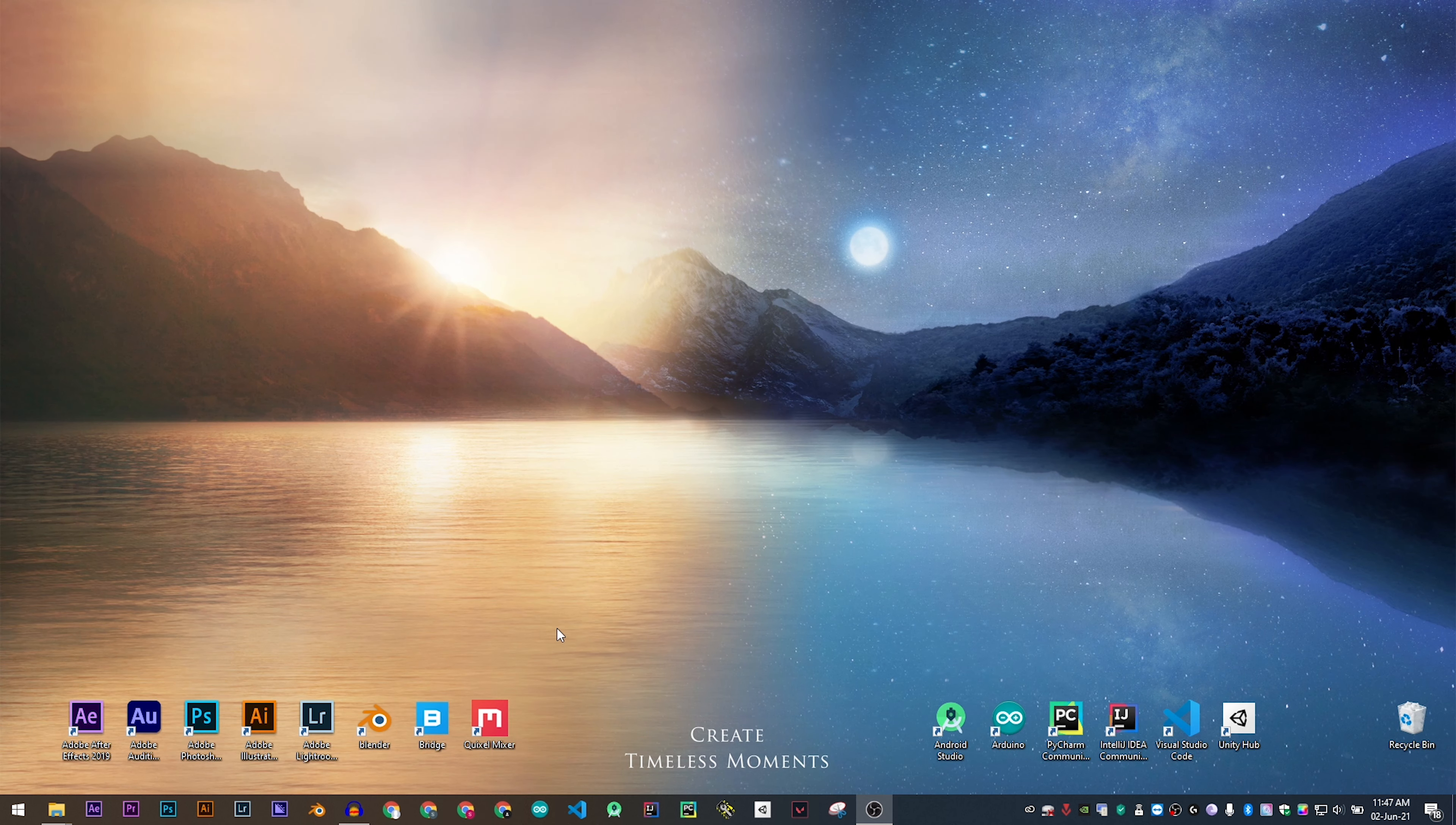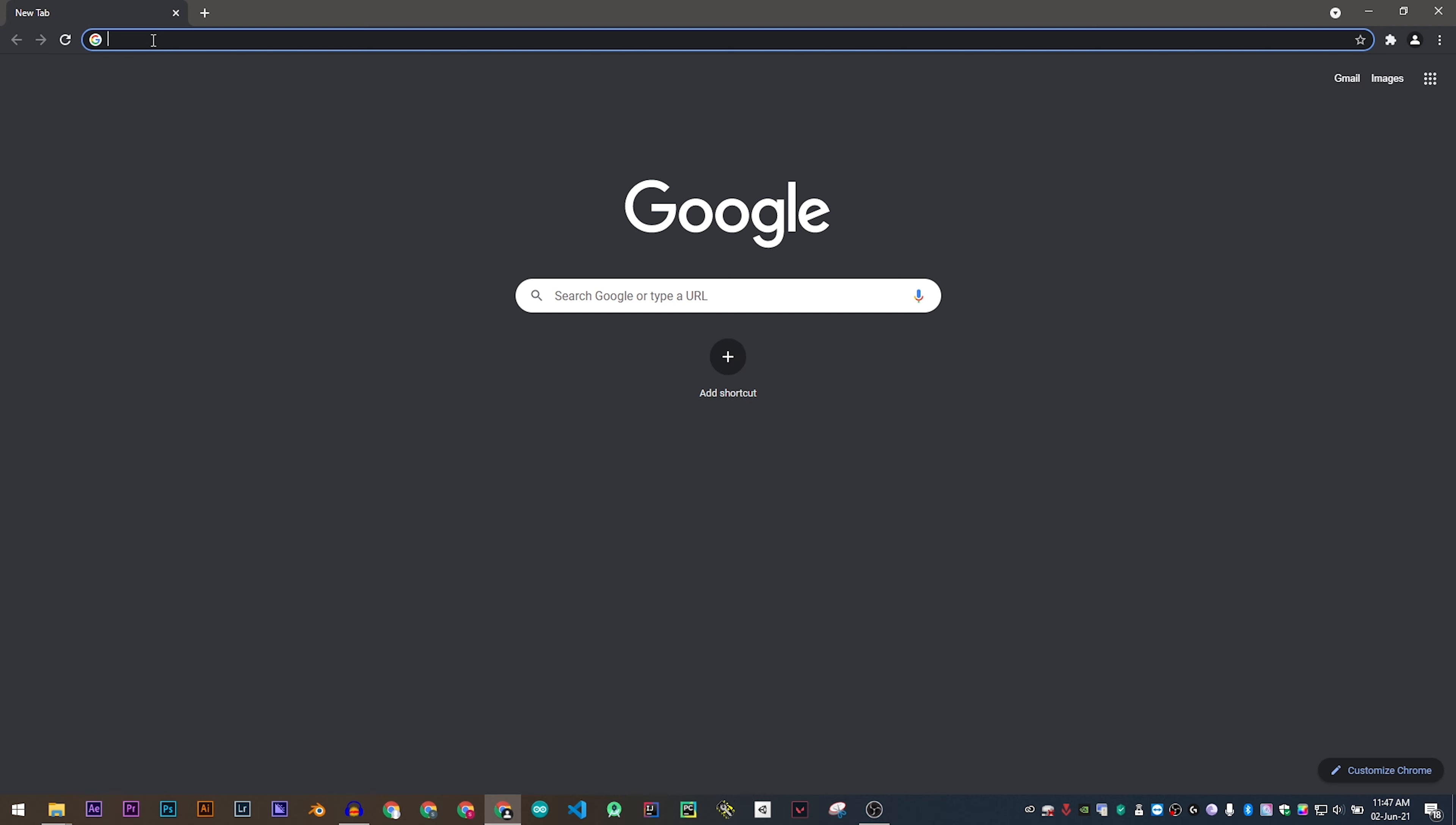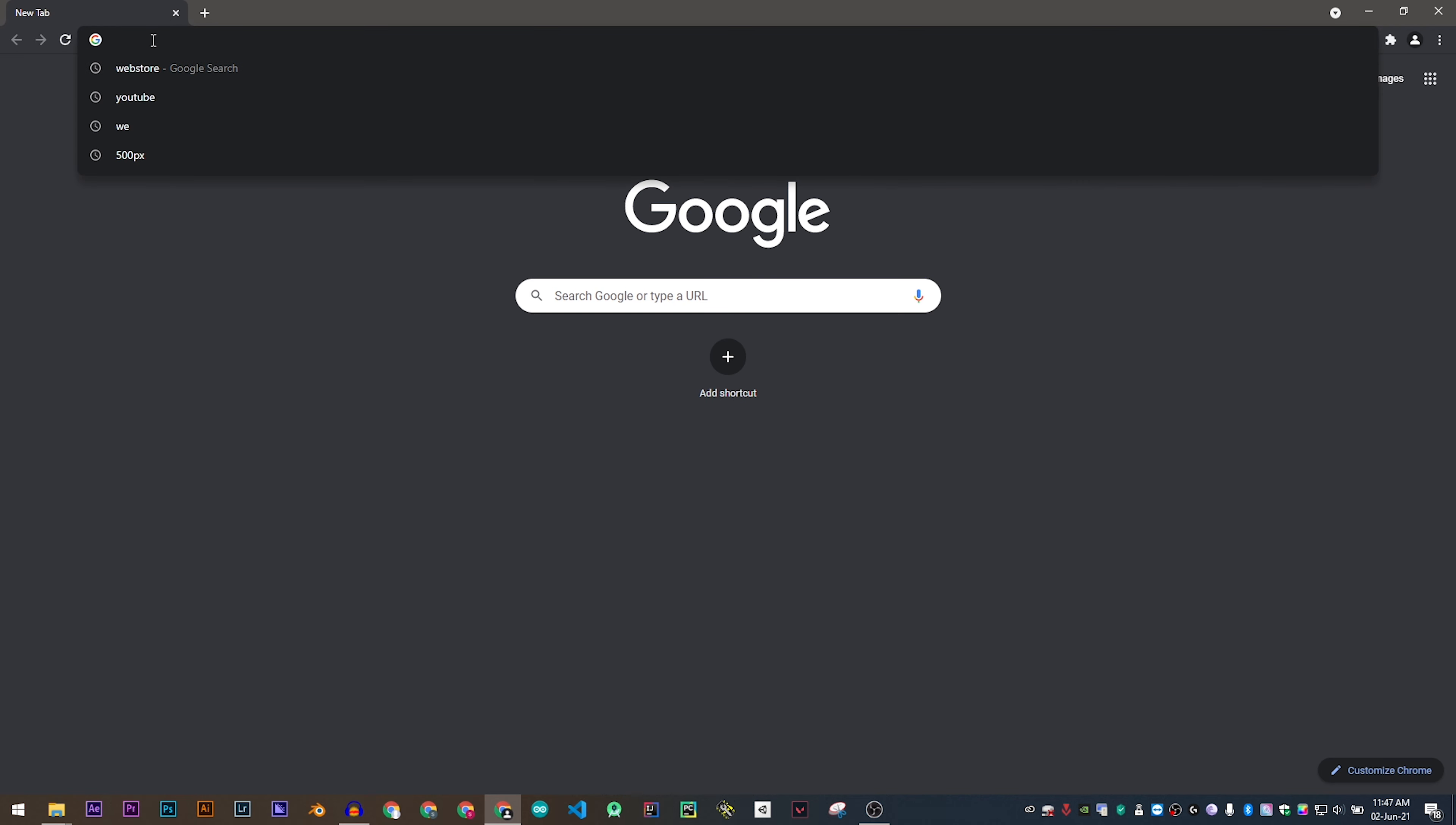For this method we'll be using the Chrome browser. So head on to Chrome and search for web store.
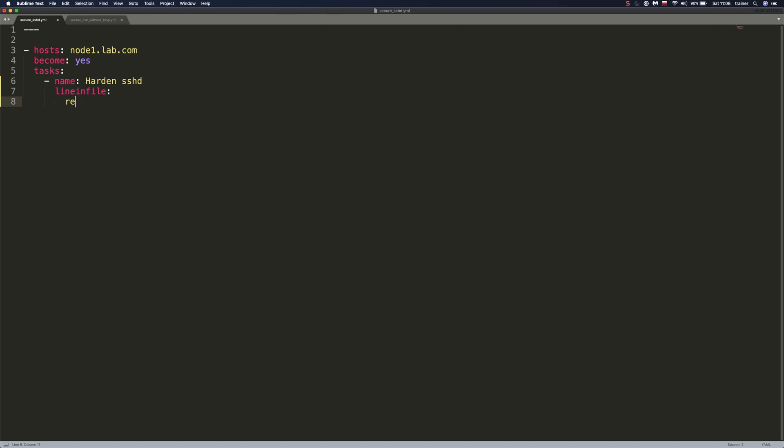We're going to specify the very first one that we're going to be specifying is path. So, the path to the file that we'll be modifying, we'll be playing with today.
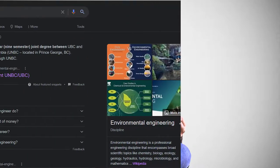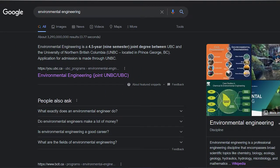When we Google 'what is environmental engineering,' it says it is a multidisciplinary field that includes subjects like chemistry, biology, geography, hydraulics, and more. But after six years of studies, research projects, and experience, I can say all of that is not the full picture.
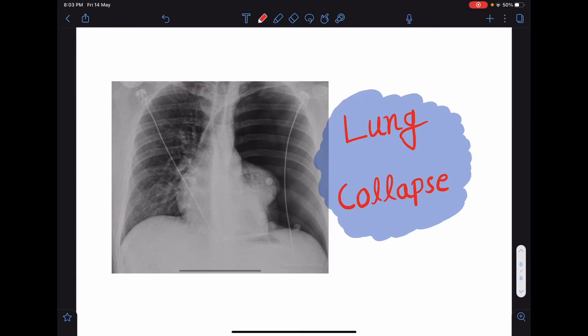Hello everyone, this is Dr. Sangeeta Chaudhary and I welcome everyone to my lecture class again. In today's lecture class, I am going to talk about lung collapse. We are going to learn what is lung collapse and how a lung collapse will look like in a chest x-ray, what are the causes of lung collapse, and how we can differentiate collapse and consolidation from a chest x-ray.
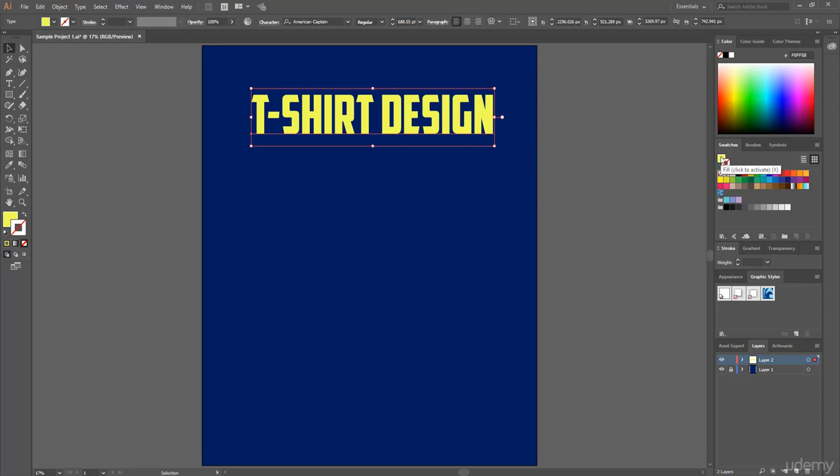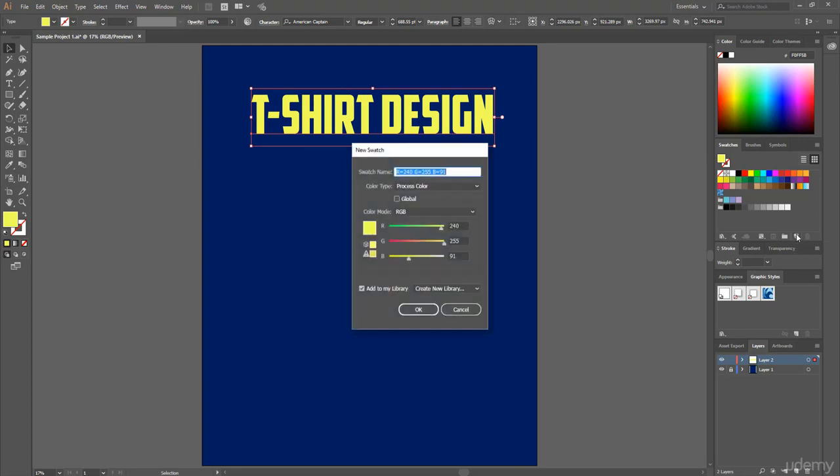Now this time I choose this current field swatches. And to add this custom color in this swatches board, simply click on this little new swatch icon and type your swatches name and hit on OK.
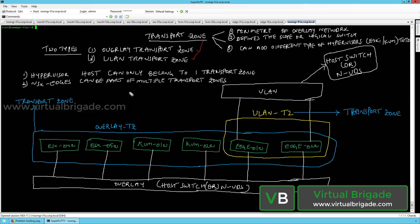In NSX-T 2.1, the hypervisor host can only belong to one transport zone. You can add the hypervisor host to multiple transport zones, and the hypervisor host will always belong to the overlay transport zone. The NSX edges can be a part of multiple transport zones — the overlay transport zone as well as the VLAN transport zone.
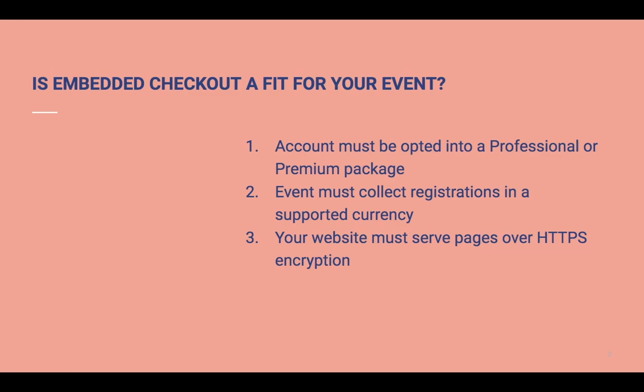Your Eventbrite account must be opted into a professional or premium package. The event must be collected in one of the following supported currencies: Australian Dollar, Canadian Dollar, Euro, Great Britain Pound, Hong Kong Dollar, New Zealand Dollar, Singapore Dollar, US Dollar, Mexican Peso, or Argentinian Peso.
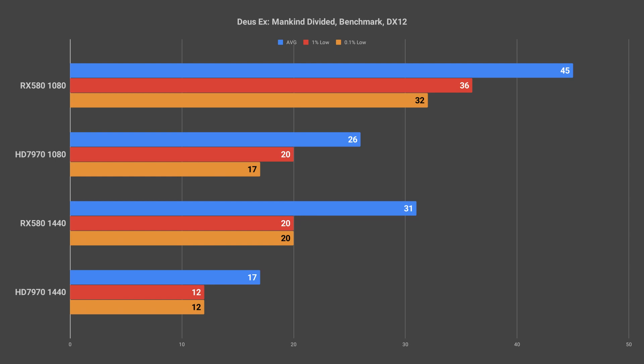In 1440p the 1% and 0.1% lows also managed to be more consistent in DirectX 12 mode and held steady at 20fps which is a minor uplift over the DirectX 11 values. All in all I'd say the RX 580 performs pretty admirably and with the current sale prices on the card it is a beastly upgrade if you're coming from a much older GPU like I was.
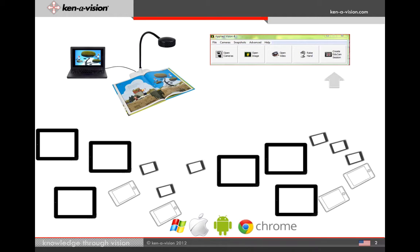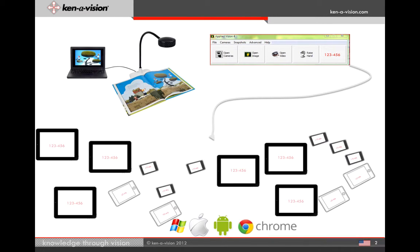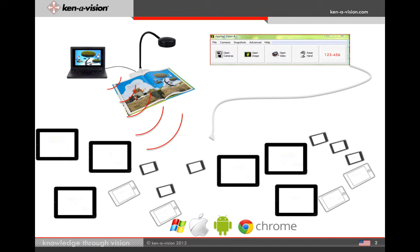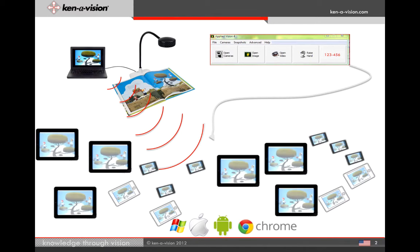It's easy. The teacher creates a session ID. The students open their EDUCAM app, enter that session ID, and hit Find Camera. Now everything going on under the camera will broadcast out to all your devices.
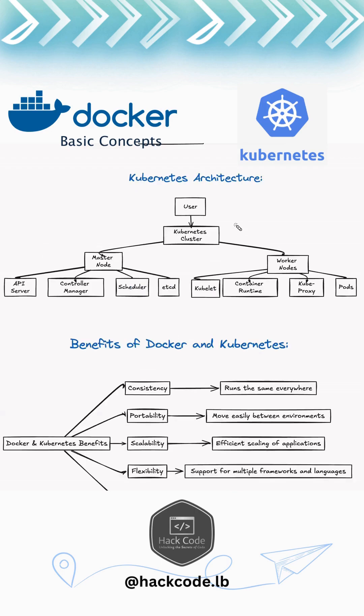So what's Kubernetes? Kubernetes is an open source platform designed to automate deploying, scaling, and operating application containers. Imagine managing hundreds or thousands of Docker containers efficiently. Kubernetes does this for you.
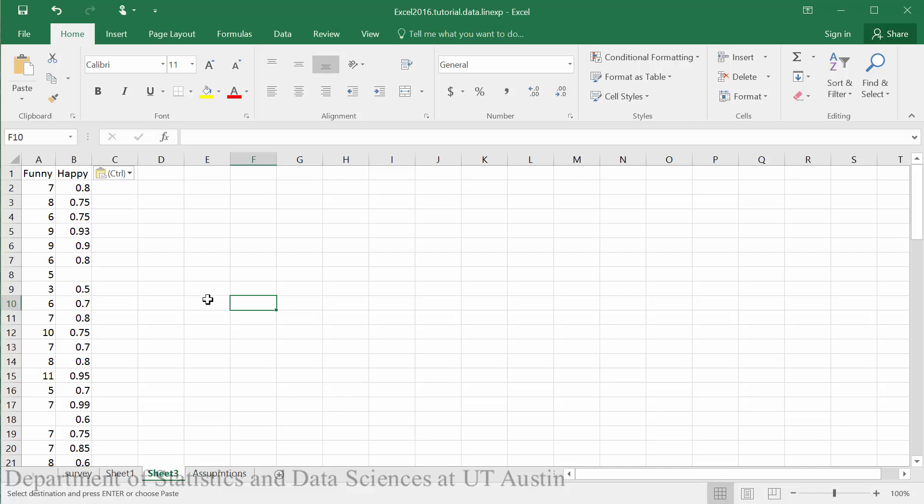In order to do a linear model in Excel using the data analysis toolpack, you can have no missing values within your data. You can see here we have a missing value for funny and for happy.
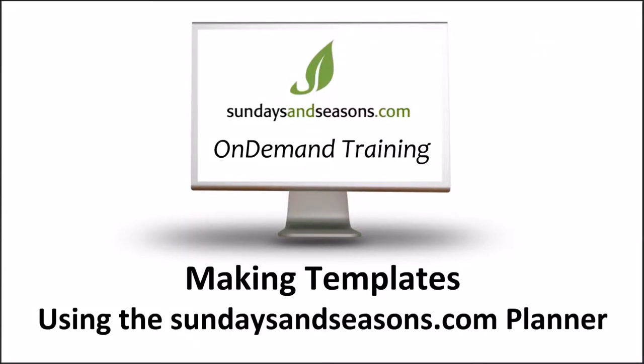Welcome to Sundays and Seasons On-Demand Training. You have chosen the module entitled Making Templates from the SundaysandSeasons.com Using the Planner Series.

***

Work required: Give all of the material again, exactly, apart from the pictures.

Result:
For this method we'll be using the Chrome browser. So head on to Chrome and search for web store.
We're going to specify the very first one that we're going to be specifying is path. So, the path to the file that we'll be modifying, we'll be playing with today.
When we Google 'what is environmental engineering,' it says it is a multidisciplinary field that includes subjects like chemistry, biology, geography, hydraulics, and more. But after six years of studies, research projects, and experience, I can say all of that is not the full picture.
Hello everyone, this is Dr. Sangeeta Chaudhary and I welcome everyone to my lecture class again. In today's lecture class, I am going to talk about lung collapse. We are going to learn what is lung collapse and how a lung collapse will look like in a chest x-ray, what are the causes of lung collapse, and how we can differentiate collapse and consolidation from a chest x-ray.
Now this time I choose this current field swatches. And to add this custom color in this swatches board, simply click on this little new swatch icon and type your swatches name and hit on OK.
In NSX-T 2.1, the hypervisor host can only belong to one transport zone. You can add the hypervisor host to multiple transport zones, and the hypervisor host will always belong to the overlay transport zone. The NSX edges can be a part of multiple transport zones — the overlay transport zone as well as the VLAN transport zone.
Your Eventbrite account must be opted into a professional or premium package. The event must be collected in one of the following supported currencies: Australian Dollar, Canadian Dollar, Euro, Great Britain Pound, Hong Kong Dollar, New Zealand Dollar, Singapore Dollar, US Dollar, Mexican Peso, or Argentinian Peso.
In 1440p the 1% and 0.1% lows also managed to be more consistent in DirectX 12 mode and held steady at 20fps which is a minor uplift over the DirectX 11 values. All in all I'd say the RX 580 performs pretty admirably and with the current sale prices on the card it is a beastly upgrade if you're coming from a much older GPU like I was.
It's easy. The teacher creates a session ID. The students open their EDUCAM app, enter that session ID, and hit Find Camera. Now everything going on under the camera will broadcast out to all your devices.
So what's Kubernetes? Kubernetes is an open source platform designed to automate deploying, scaling, and operating application containers. Imagine managing hundreds or thousands of Docker containers efficiently. Kubernetes does this for you.
In order to do a linear model in Excel using the data analysis toolpack, you can have no missing values within your data. You can see here we have a missing value for funny and for happy.
Welcome to Sundays and Seasons On-Demand Training. You have chosen the module entitled Making Templates from the SundaysandSeasons.com Using the Planner Series.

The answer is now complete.